Por Davi Lira, no Porvir

Para serem perenes, “os projetos inovadores de educação precisam se encontrar e conversar mais entre si”. Foi com essa mensagem, enviada pela internet para uma série de educadores brasileiros em 2008, que o fundador da Escola da Ponte de Portugal, José Pacheco, deu início à construção dos Românticos Conspiradores, uma rede colaborativa de militantes que luta pela transformação da educação no Brasil. Depois de longos cinco anos, a rede conseguiu não apenas aproximar as pessoas e entidades que desenvolvem projetos inovadores – geralmente relacionados à educação integral -, como se articulou a ponto de criar um manifesto público. O documento, que detalha as principais “transformações” sugeridas pelo grupo (mais informações abaixo), vai ser entregue ao Ministério da Educação (MEC) no dia 19 de novembro em Brasília, durante a abertura da I Conane (Conferência Nacional de Alternativas para uma nova Educação).
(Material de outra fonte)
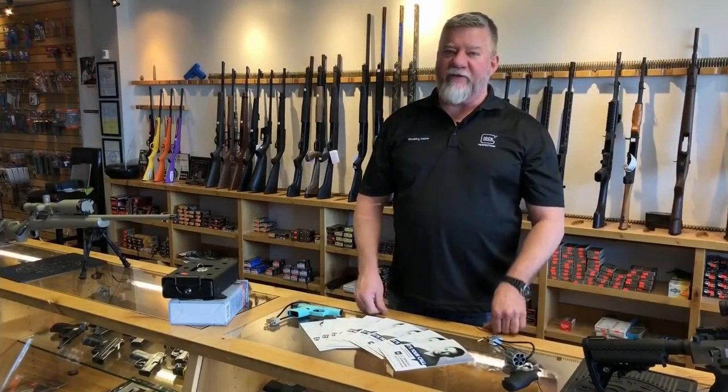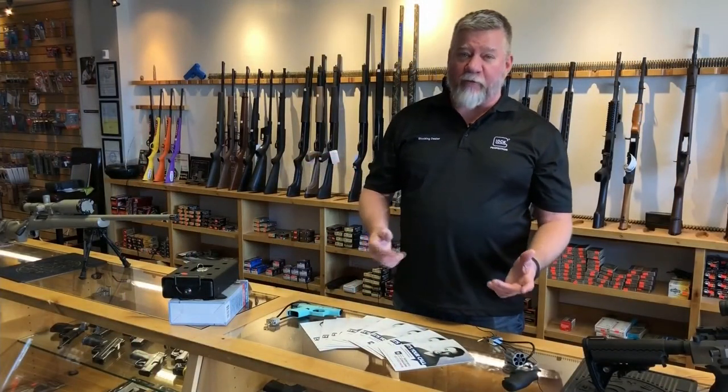Take all your serial numbers you have for your guns. Taking pictures is the best way to do it — store it on your computer.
Vai ser na conferência, que vai se estender até o dia 21 de novembro, que representantes de projetos bem sucedidos de educação integral e inovadora buscarão estreitar mais os laços e detalharão suas realizações. Entre os projetos a serem apresentados no encontro estão os bens sucedidos: Gente, uma escola do Rio de Janeiro que não tem paredes; o Projeto Âncora, uma comunidade de aprendizagem em Cotia (SP); e as iniciativas pedagógicas voltadas à autonomia do aluno desenvolvidas pela escola municipal Amorim Lima, em São Paulo. Dessa forma, os organizadores esperam que com o manifesto em mãos e as boas práticas à vista, eles possam sensibilizar o MEC, a sociedade brasileira e outros educadores simpáticos à causa.
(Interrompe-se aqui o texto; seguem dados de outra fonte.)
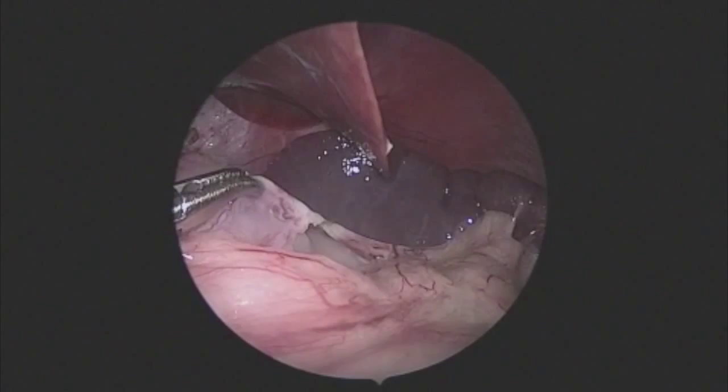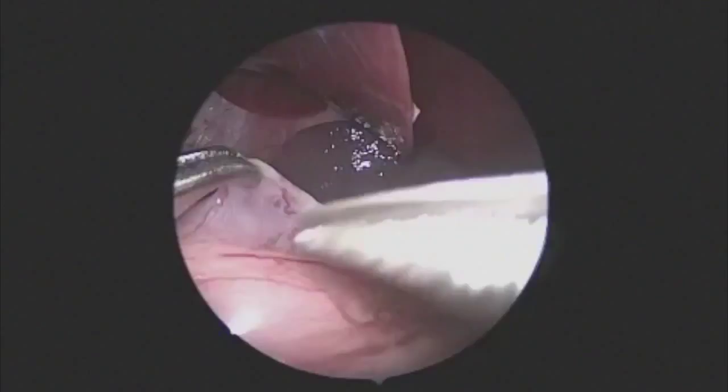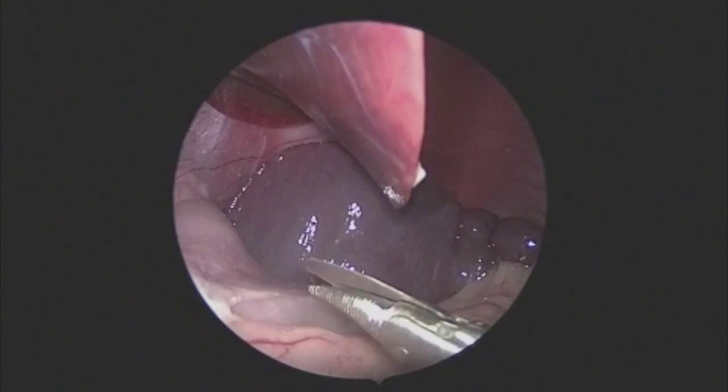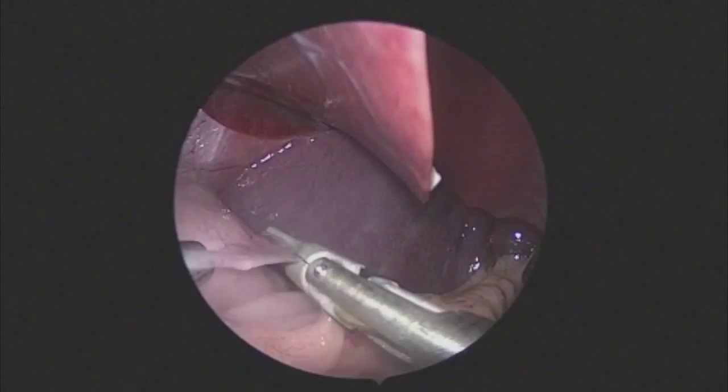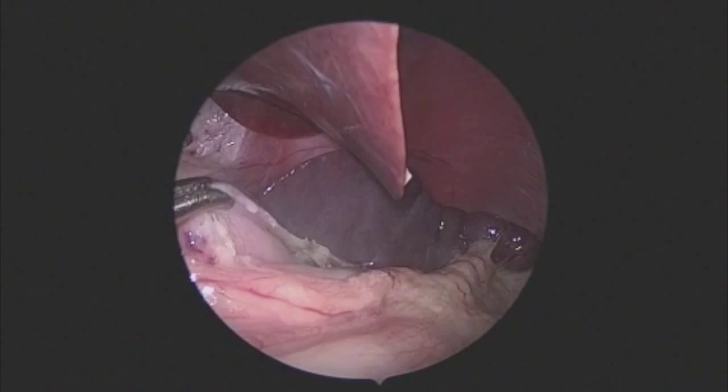Using a three millimeter sealer allows the right-handed port to be a three millimeter port as opposed to a five millimeter port used previously. This is an extremely safe technique which can be used well with residents and fellows as there is very limited energy spread. Another technique is to make two seals and then gently tear the short gastrics — with vessels one to two millimeters in size, that is very safe and hemostatic.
“Trata-se de um movimento articulado pela sociedade civil. Queremos com o encontro, trocar conhecimentos e congregar uma força mais consistente em prol da inovação da educação no país. Nossa intenção prática é começarmos uma conversa com o Ministério da Educação com vistas a efetivar mudanças na educação pública. Por isso, que destacaremos casos consistentes que podem servir de inspiração para esse movimento de mudanças que defendemos”, afirma Talita Porto, do coletivo Gaia Brasília, e uma das organizadoras do Conane.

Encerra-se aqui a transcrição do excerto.